Word for word, set down the lines from the one that holds "So this is how" through the final line of the listing below, and exclude every picture.

> **Input data**
[Start of section]

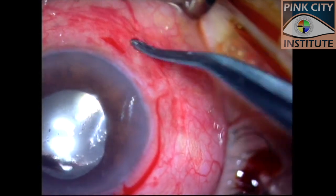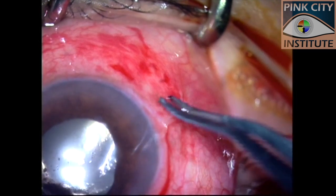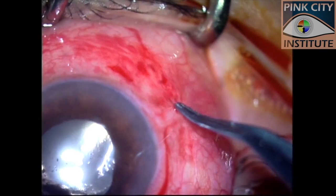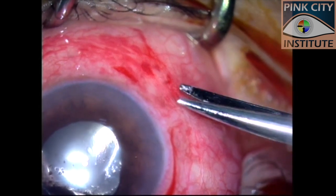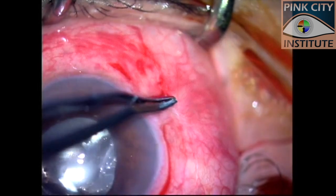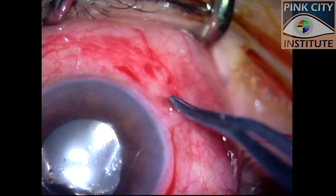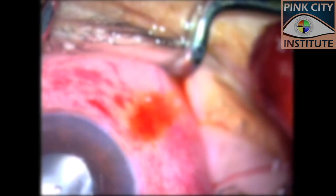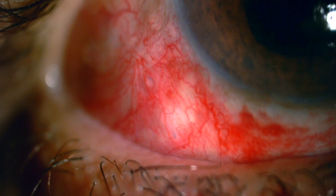The conjunctiva in this case was less mobile due to adhesions from previous peritomy. However, we were able to slip in the cut ends of the suture into the subconjunctival space. Trimming one end of the suture and pushing it from there into the subconjunctival space helped. At the end, we rechecked the sclerotomy for leakage. In the postoperative period, the subconjunctival suture ends are barely visible.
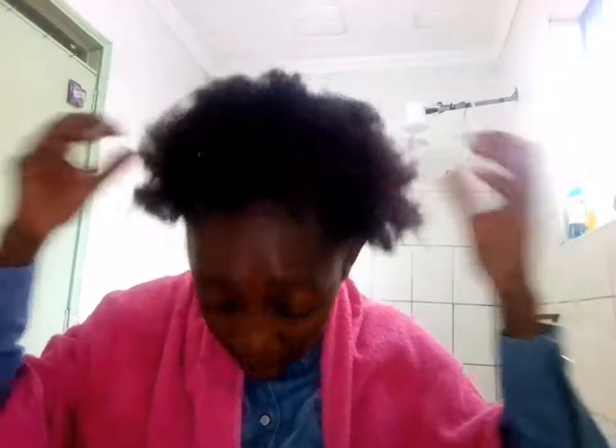So this is how my hair looks like — very thin, it's wet, it's dripping wet. I'm going to shake off the water because I do not want to fully dry my hair.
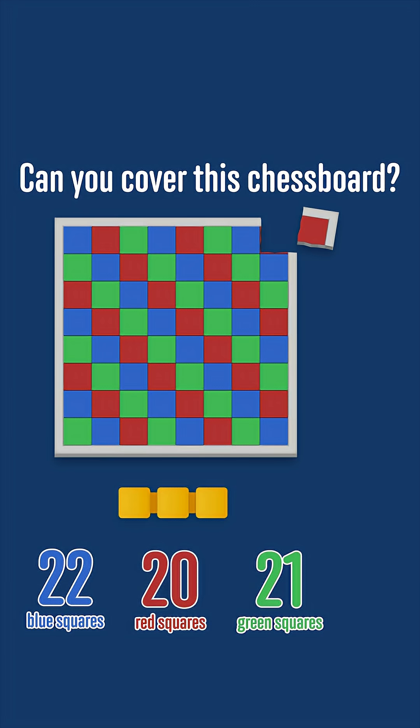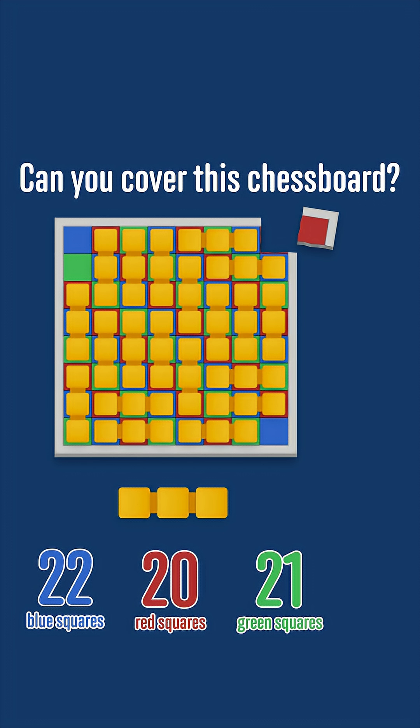But each 3x1 tile covers exactly 1 blue, 1 red and 1 green square. So after we've placed 20 tiles, we would have 2 blue squares and 1 green square left to cover, and it's impossible to place the last tile.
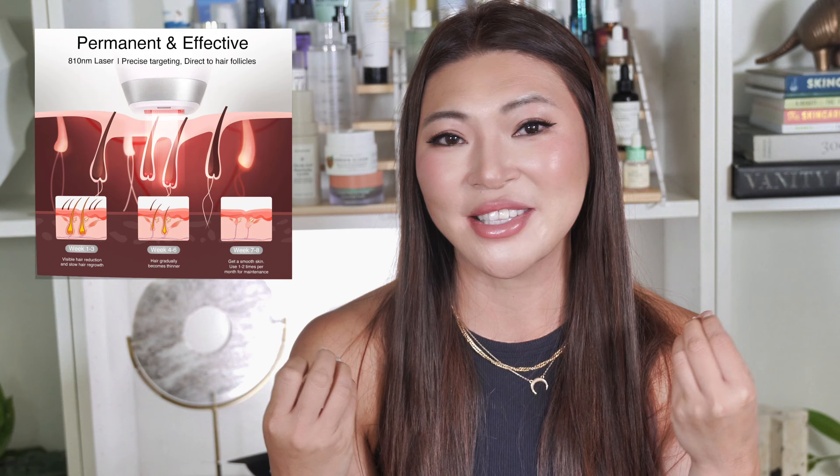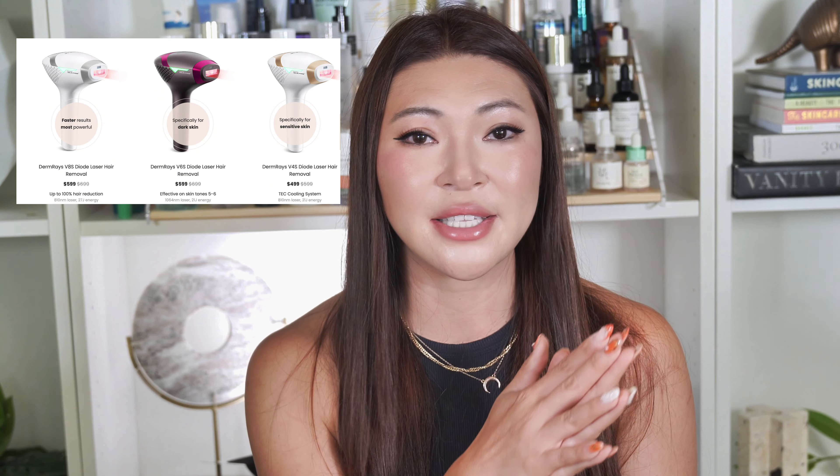So let's talk about my experience with the Dermraise V8S laser hair removal device. This is the first FDA-cleared laser hair removal device you can use at home. It uses the same technology you'd find in a clinic — not as strong, but still really effective. It has a targeted wavelength so it's absorbed by your hair follicles rather than your skin, making it more precise. It also has twice the energy output of IPL, which means faster and more noticeable results. I really love that it's FDA-approved and has other safety certifications, so it's been rigorously tested. Dermraise has three different models, and I use the V8S diode laser. I think it's their 12th anniversary, so they've been in the industry for quite a while — kind of the OG when it comes to home laser removal devices.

[End of section]

> **Written solution**
So this is how my hair looks like — very thin, it's wet, it's dripping wet. I'm going to shake off the water because I do not want to fully dry my hair.
But each 3x1 tile covers exactly 1 blue, 1 red and 1 green square. So after we've placed 20 tiles, we would have 2 blue squares and 1 green square left to cover, and it's impossible to place the last tile.
So let's talk about my experience with the Dermraise V8S laser hair removal device. This is the first FDA-cleared laser hair removal device you can use at home. It uses the same technology you'd find in a clinic — not as strong, but still really effective. It has a targeted wavelength so it's absorbed by your hair follicles rather than your skin, making it more precise. It also has twice the energy output of IPL, which means faster and more noticeable results. I really love that it's FDA-approved and has other safety certifications, so it's been rigorously tested. Dermraise has three different models, and I use the V8S diode laser. I think it's their 12th anniversary, so they've been in the industry for quite a while — kind of the OG when it comes to home laser removal devices.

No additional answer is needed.